Customers ghosting you during onboarding comes up from time to time… you’ve probably experienced it yourself.
Someone said that when this happens they kick it back to Sales since they have the relationship with the customer.
This is unfortunately a common solution… but it also underscores one of the big problems in so many customer Onboarding scenarios:
Sales STILL holds the keys to the relationship with the customer!
Let’s get into this, shall we?
100% of the time, customers Ghosting you during Onboarding is the result of a poorly designed (or, let’s be honest… a not-designed-at-all) Sales Handoff process, one that doesn’t include in a systematic way:
- Actual discovery turnover
- Properly managing expectations with the customer
- Orchestration to overcome change management issues on their end
- Management, Direction, and Incentives
- Real introductions between the customer and whomever takes over after the sale (Customer Success, Account Management, etc.)
What about situations where Sales must stay in the relationship for expansion or upsells?
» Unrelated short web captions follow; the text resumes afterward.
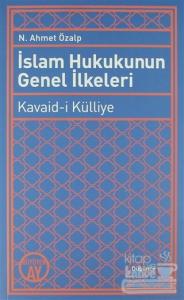 İslam Hukukunun Genel İlkeleri: Kavaid-i Külliye
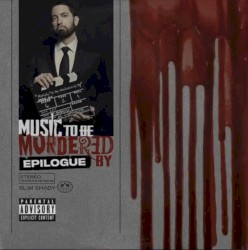 Music To Be Murdered By [Epilogue] – Eminem
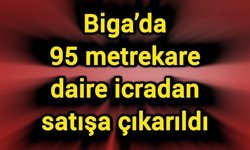 Biga’da 95 metrekare daire icradan satışa çıkarıldı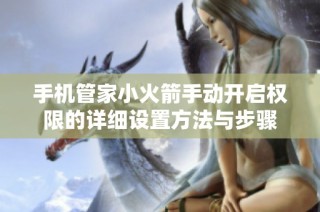 手机管家小火箭手动开启权限的详细设置方法与步骤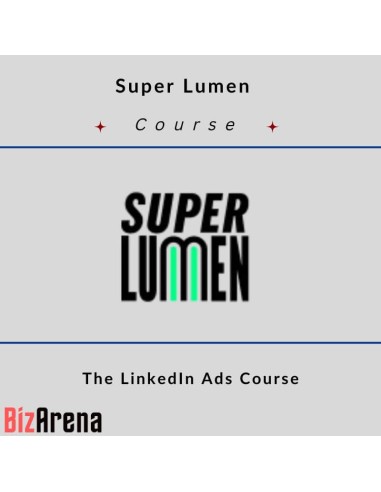 Super Lumen - The LinkedIn Ads Course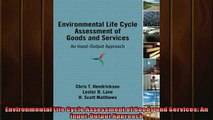 Enjoyed read  Environmental Life Cycle Assessment of Goods and Services An InputOutput Approach
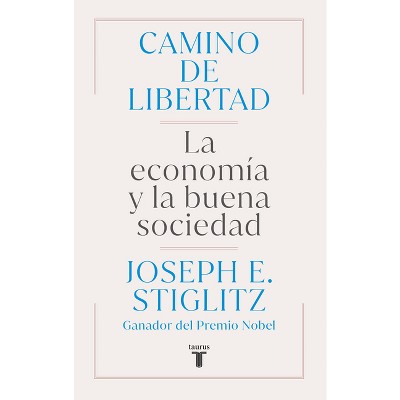 Camino de Libertad. La Economía Y La Buena Sociedad / The Road to Freedom - by  Joseph E Stiglitz (Paperback)
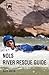 NOLS River Rescue Guide by Nate Ostis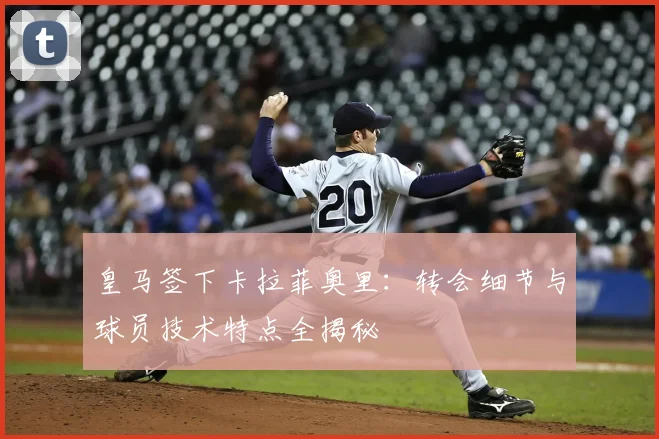 皇马签下卡拉菲奥里：转会细节与球员技术特点全揭秘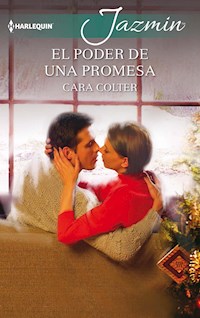 El poder de una promesa - Cara Colter - E-Book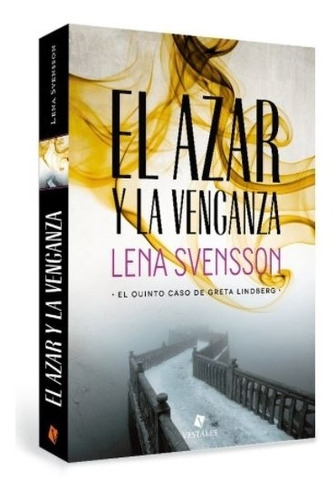 El Azar Y La Venganza - Lena Svensson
Well, they – like many others across the customer’s lifetime – will cycle in and out.
That does NOT change the need to properly setup the customer and those who’ll they’ll work with next to be successful.
In fact, because the relationship with Sales “continues,” it makes a properly orchestrated handoff even more critical.
If you’ve failed in the Sales Handoff process, gimmicks and tricks to try to “un-ghost” a brand new customer with whom you’ve never really had a relationship aren’t going to work. Real talk.
Your only option may be to “send it back to Sales” for them to track the customer down… but then what?
Are they going to do a proper handoff this time?
Do they even have a reason to do this (the sale already closed and commission paid)?
In a high-touch sales process, the sales handoff makes or breaks Onboarding.
And if you have a self-service buying process, the transition will obviously look very different from that of a high-touch sales process, but it’s JUST as critical to build a bridge from marketing promises to the realistic, in-app experience.
BTW, none of what I’ve said is specific to any type of business / revenue / operating / engagement model.
This applies across the board, just as it will to your unique situation, so you can properly Onboard customers and set everyone up to thrive.